Intimacy is found in simplicity. INTIMACY CAN BE AND IS FOUND IN SIMPLICITY.
But first, highlight: Having lost all sensitivity, they have given themselves over to sensuality...
Note, this one phrase was coined centuries ago, when Romans were the ruling party of the day. Yet it has never been more relevant now than ever yet…
Let’s define some terms. Sensitivity is the degree of detecting and responding to slight changes, signals or influences. Sensuality is the enjoyment and pursuit of physical, especially sexual pleasure. Although sounding synonymous, they are not the same. It's a the-devil-is-in-the-detail thing. The difference is a matter of intimacy.
Note that there can be no intimacy without deep knowledge of and familiarity with…
It is a human need, to know and to be known. To be acknowledged and accepted. To be seen and see. As we are, for what we are. With appreciation and gratitude. At some point in time, when Man lived his most authentic life, this was not an issue. You gave what you were, lived your truth and truth had a place in the greater group. It was appreciated, even expected.

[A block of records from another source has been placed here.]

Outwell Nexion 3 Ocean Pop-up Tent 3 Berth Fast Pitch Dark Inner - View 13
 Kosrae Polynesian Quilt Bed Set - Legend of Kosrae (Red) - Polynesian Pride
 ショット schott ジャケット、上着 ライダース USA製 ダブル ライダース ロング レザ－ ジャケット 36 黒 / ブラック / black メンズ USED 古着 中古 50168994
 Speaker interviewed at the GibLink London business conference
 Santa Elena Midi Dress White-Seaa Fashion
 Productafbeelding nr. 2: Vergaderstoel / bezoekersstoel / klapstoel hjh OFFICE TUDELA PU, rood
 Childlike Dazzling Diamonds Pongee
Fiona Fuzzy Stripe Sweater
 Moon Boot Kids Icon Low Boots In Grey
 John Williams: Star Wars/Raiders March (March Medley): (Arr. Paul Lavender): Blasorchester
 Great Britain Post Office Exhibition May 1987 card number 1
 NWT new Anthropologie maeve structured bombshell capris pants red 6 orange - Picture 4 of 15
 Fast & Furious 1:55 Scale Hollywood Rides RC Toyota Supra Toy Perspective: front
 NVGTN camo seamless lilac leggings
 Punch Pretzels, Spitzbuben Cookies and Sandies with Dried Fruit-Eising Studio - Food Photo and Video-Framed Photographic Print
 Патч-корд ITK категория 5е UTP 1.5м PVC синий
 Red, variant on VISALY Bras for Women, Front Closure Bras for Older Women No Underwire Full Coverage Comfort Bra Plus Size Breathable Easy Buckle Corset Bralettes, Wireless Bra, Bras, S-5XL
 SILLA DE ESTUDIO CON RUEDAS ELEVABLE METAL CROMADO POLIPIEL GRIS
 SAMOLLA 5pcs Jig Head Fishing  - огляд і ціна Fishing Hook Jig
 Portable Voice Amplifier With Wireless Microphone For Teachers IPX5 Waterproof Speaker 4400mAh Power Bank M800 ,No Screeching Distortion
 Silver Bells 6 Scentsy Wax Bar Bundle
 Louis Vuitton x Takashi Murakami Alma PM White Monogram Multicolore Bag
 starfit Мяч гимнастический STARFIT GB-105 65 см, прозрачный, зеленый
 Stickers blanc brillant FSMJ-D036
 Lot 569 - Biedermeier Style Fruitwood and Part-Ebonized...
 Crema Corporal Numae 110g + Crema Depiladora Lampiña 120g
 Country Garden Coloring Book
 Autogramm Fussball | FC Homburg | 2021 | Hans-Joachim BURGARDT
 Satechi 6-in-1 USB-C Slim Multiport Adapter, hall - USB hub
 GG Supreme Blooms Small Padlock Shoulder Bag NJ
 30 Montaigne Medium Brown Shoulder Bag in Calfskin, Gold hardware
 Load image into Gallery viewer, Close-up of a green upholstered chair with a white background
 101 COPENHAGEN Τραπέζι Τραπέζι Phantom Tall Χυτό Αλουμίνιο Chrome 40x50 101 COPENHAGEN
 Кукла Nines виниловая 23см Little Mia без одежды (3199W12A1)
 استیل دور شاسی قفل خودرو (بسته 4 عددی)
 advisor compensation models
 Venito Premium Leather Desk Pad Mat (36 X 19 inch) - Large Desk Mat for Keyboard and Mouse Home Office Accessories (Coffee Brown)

In a way, value is now placed on what we can get from a person than on the person themselves. This has made it harder for Man to simply be himself. Instead, there’s the need to act in a certain manner. Acceptance comes only when we are packaged in a certain manner. In return, the essence of our beings is shunned and tacked up.
Resentment and bitterness, the feelings show up. Depression and personality disorders, the mental dysregulation abound. As we seek to be seen, what shows up first is the psychological dysregulation. But the Soul is still deeply shadowed, covered up. We ourselves do not know our own selves. Yet, the need to see and be seen remains.
In such moments, one seeks intensity. As our psychological faculties are dulled from years of neglect, the five basic senses remain. These are ever active unless injury or natural loss occurs. So, we work ever harder to please these, chasing thrill and overriding the nervous system with external stimuli. The hyper sexualized society of today is the end result.
More sensual stimulation, yet ever lonelier. Unseen. Unaccepted. Unacknowledged.
Keep chasing, yet ever emptier. Bitter. Angry. Resentful. Sad.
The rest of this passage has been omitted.